I hope you enjoy this healthy take on a classic pancake.
1 cup buckwheat flour
1 tablespoon coconut sugar
1 teaspoon baking powder
1 teaspoon baking soda
1/4 teaspoon salt
1 1/4 cup buttermilk – shake/mix well
1 large egg
1/2 teaspoon pure vanilla extract
grass-fed butter, enough for the skillet
strawberry or raspberry chia jam
coconut whipped cream
01. Preheat the oven to 200F. This is just to keep the pancakes warm once they are cooked on the stove.
02. In a medium mixing bowl, mix together the flour, sugar, baking powder, baking soda, and salt.
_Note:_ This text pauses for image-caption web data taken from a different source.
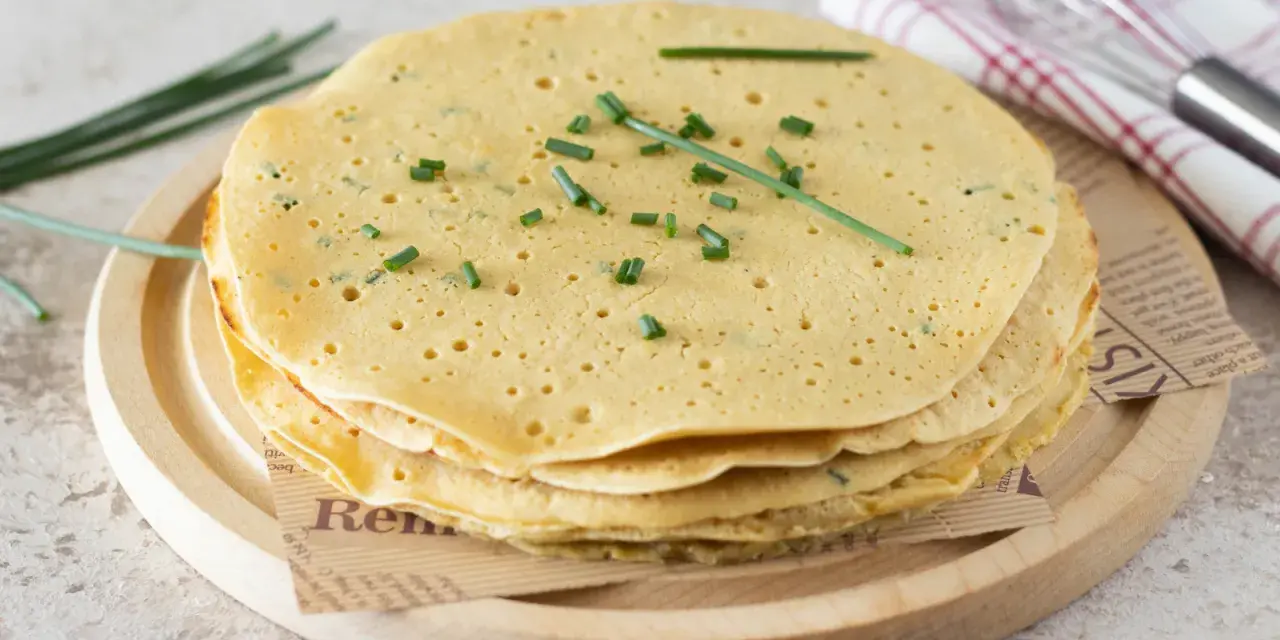 Pila di piadine di ceci dorate, guarnite con erba cipollina fresca. Perfette per un pasto leggero e gustoso.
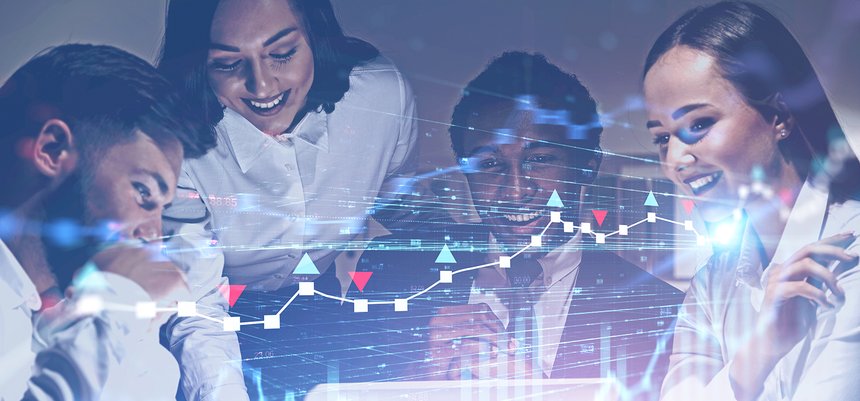 Happy business team in office, forex graphs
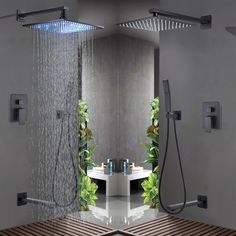 the shower head is open and there are plants in it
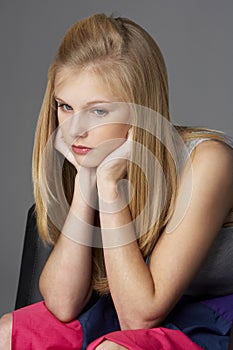 Studio Portrait Of Unhappy Teenage Girl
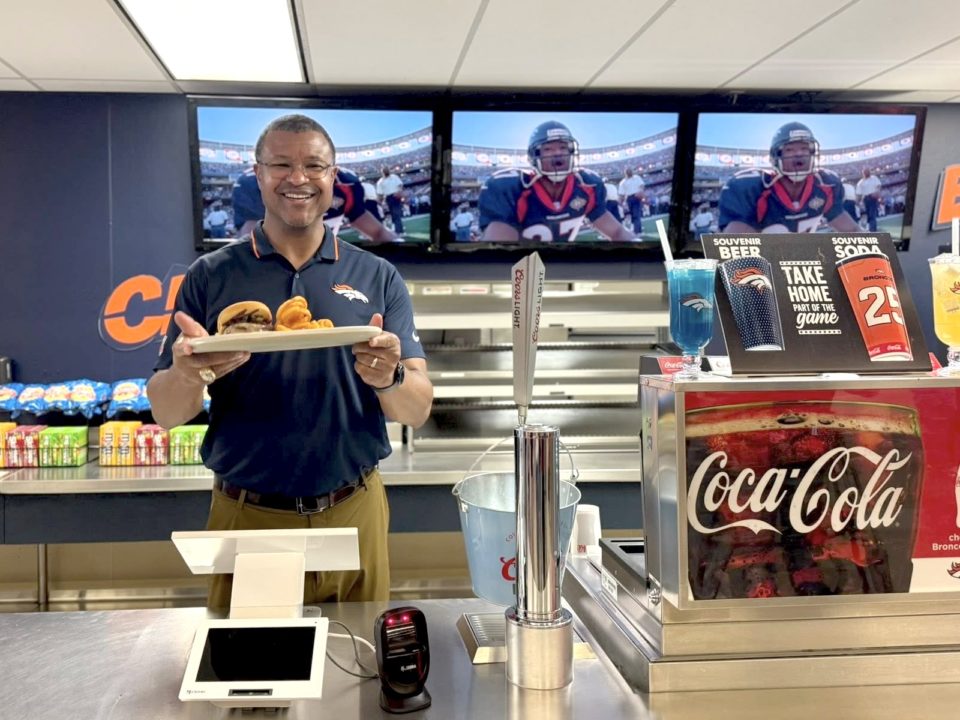 Denver Broncos alumni Steve Atwater holding a tray with a cheeseburger at his Atwater Grill food counter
03. In a liquid measuring cup, measure out the buttermilk.
04. In another bowl, beat in the egg and vanilla extract.
05. Preheat your skillet over medium-low heat and brush with 1 1/2 teaspoon of butter. Give the batter a light swirl with a spoon in case the buckwheat starts to separate from the liquid.
06. Using a 1/4 measuring cup, scoop the batter onto the warm skillet. Cook for 2-3 minutes until small bubbles form on the surface of the pancakes. Flip and cook the opposite side for another 1-2 minutes, or until golden brown.
07. Transfer the cooked pancakes to a baking sheet and place in the preheated oven to keep warm. Repeat the process with the remaining batter, adding more butter to the skillet as needed.
08. Top with your jam of choice, coconut whipped cream, and a sprinkle of hemp seeds. Serve right away and enjoy!